[shared by permission]

I learned my Forth initially from Chuck Moore and Elizabeth Rather, who were contracted by us to build the control system for our brand new 100-inch Infrared Telescope (the world’s first!) atop Mt. Jelm, about 25 miles SW of Laramie, Wyoming. c.a.., 1976.

The two of them spent a few weeks with us, and gave us 3 Astronomers (myself, John Hackwell, and Robert Gherz) our initial introduction to the system. In those days Forth was very easy to crash and hang, unintentionally. It had a mean time between reboots of around 10 minutes.

Once I left the department, closing in on my Ph.D., I hired on as the scientist at the Multiple Mirror Telescope Observatory, atop Mt. Hopkins, about 50 miles South of Tucson, AZ.

The MMT was the largest telescope in the world, at that time, with a 7 meter aperture, comprised of 6 x 72-inch mirrors arranged in a hexagonal pattern. Each of the 6 separate telescopes sent their light to a common focus in the center. 

So the pointing and tracking problem also had to include a beam combiner control system, in addition to running its Alt-Az mount.

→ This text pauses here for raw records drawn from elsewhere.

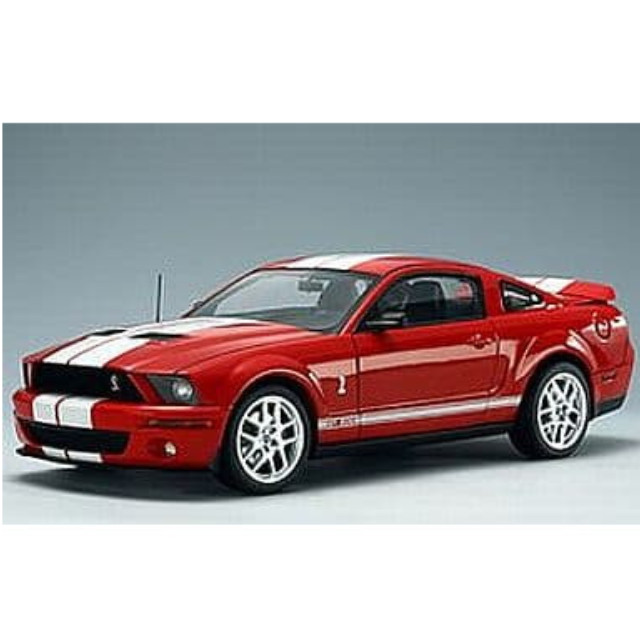 [MDL] 1/18 フォード シェルビー コブラ GT500 レッド/ホワイト  完成品 ミニカー(38006) AutoArt(オートアート)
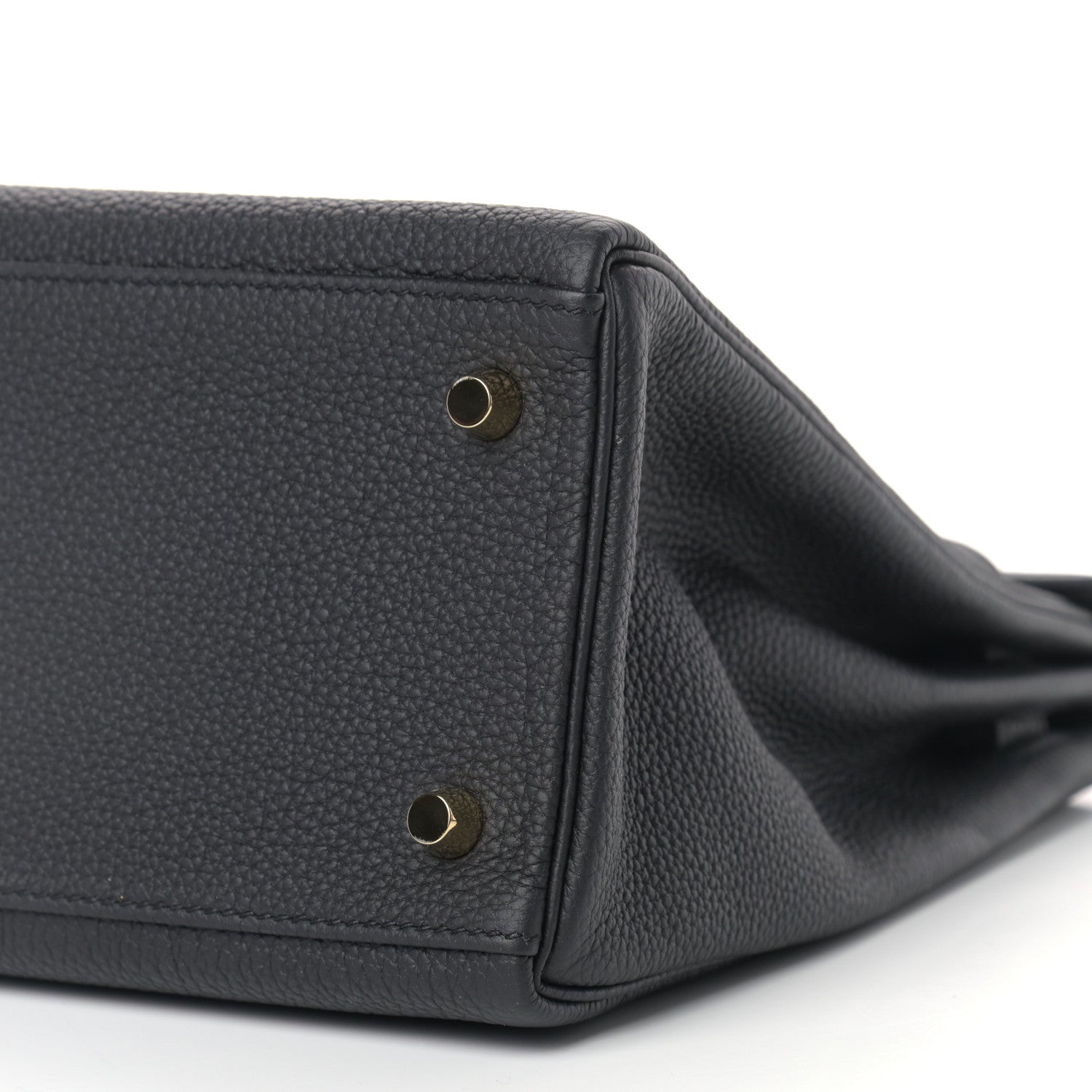 Hermes Togo Kelly Retourne 32 Black 9 of 10
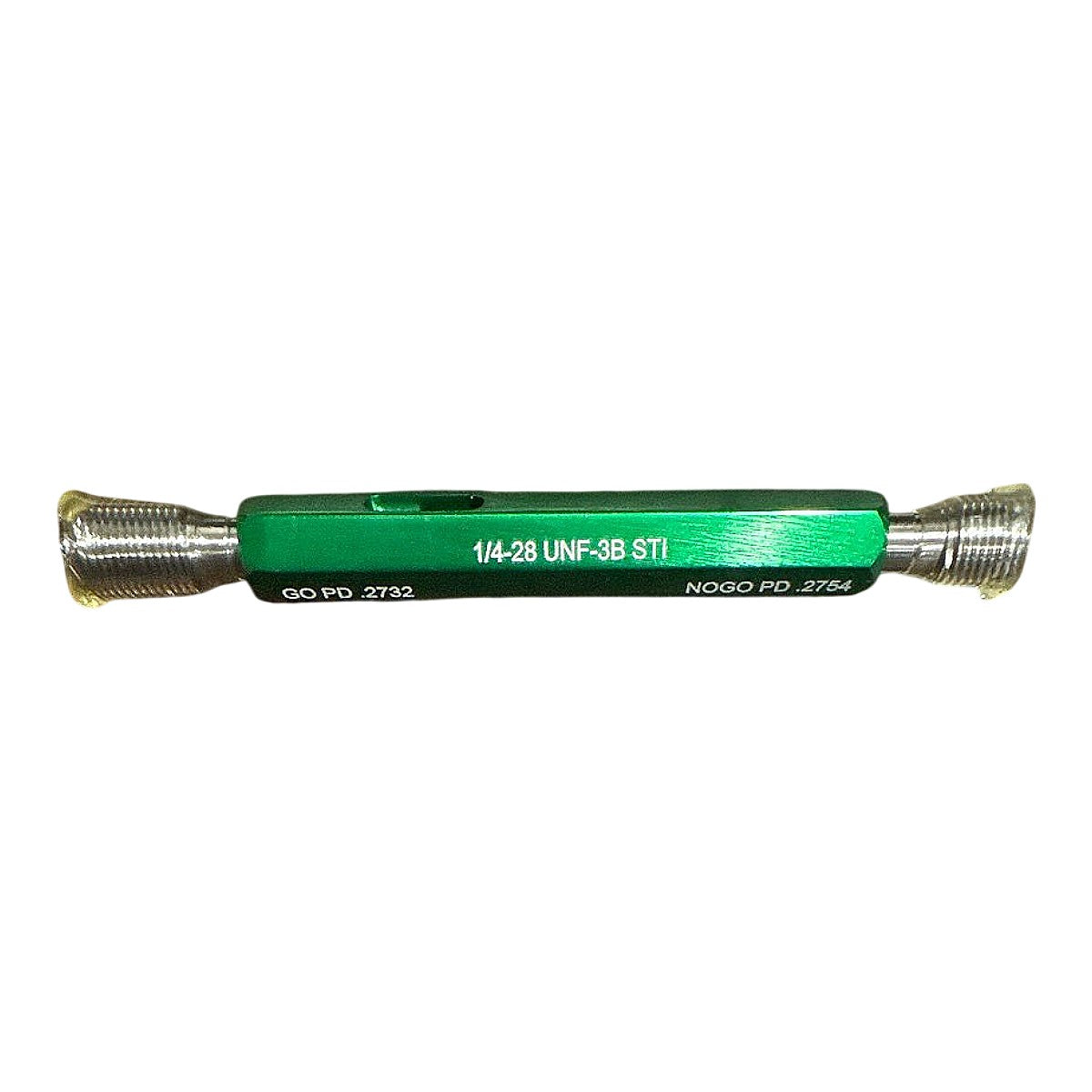 Value Collection 1/4-28 UNF-3B STI Go/NoGo thread plug gauge set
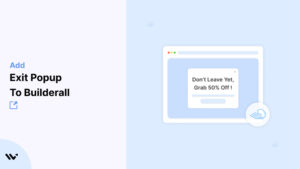 Exit Popup to builderall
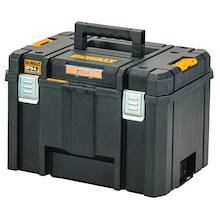 DeWALT DWST83346-1 opbergdoos voor hulpmiddelen Zwart, Geel Aluminium-0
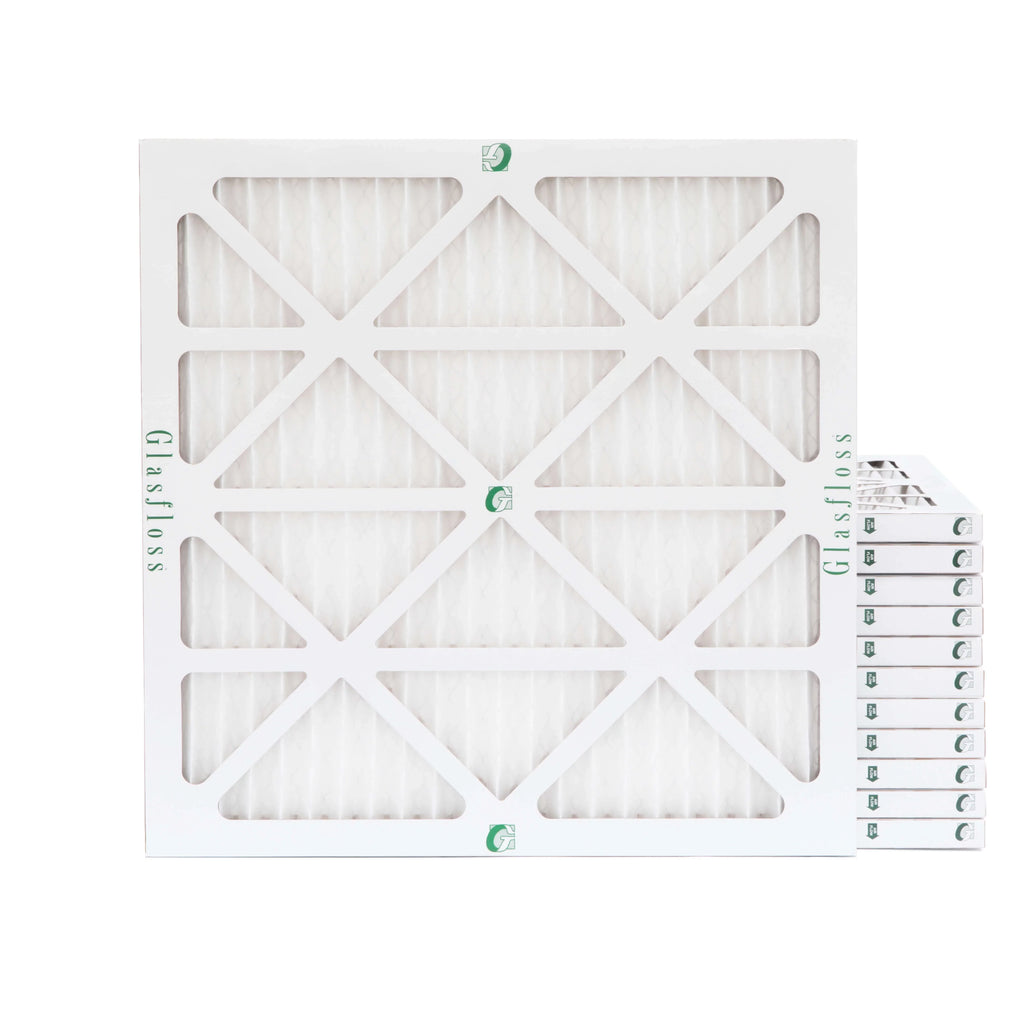 Pack 12 10 x Pleated Filters & Furnace of Merv 1 20 AC for x 18 Air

When I first arrived, the MMTO had budgeted around $10K for control computing and was using an ancient Tektronix calculator - I kid you not. An observatory with, at the time, a $10M annual operating budget using a $10K BCD calculator.

So we scrounged up a couple of used Data General Nova 800 minicomputers. 16-bit wordsize, word addressable (not byte), and 32 kWords of core memory on them. The 800 designation came from its fantastic speed, at the time, with a Read-Modify-Write cycle time of 800 ns. Being core memory, every read was destructive and had to be re-written back into the core memory in a cycle.

We kept one machine running by stealing parts from the other as they wore out. My partner in crime was John Montgomery who had come from Aerospace Corp and their 10 meter millimeter-wave radio telescope - which goes back to my very beginning in NYC…

In NYC I began my graduate studies in Theoretical Astrophysics with Chi Yuan, who studied under C.C.Lin at MIT. We were doing gravitational spiral density wave theory to discover why galaxies formed spiral arms. And in support of our theories we also did observations of Carbon Monoxide in nearby spiral arms of our galaxy.

Carbon monoxide can only form in protected cocoons in deep space, buried deep inside of clouds of dust and neutral hydrogen - to protect the fragile chemical bond from damaging ultraviolet light from all the stars nearby. As such, it exists in pockets at near 10 degK, inside the clouds of dust and gas.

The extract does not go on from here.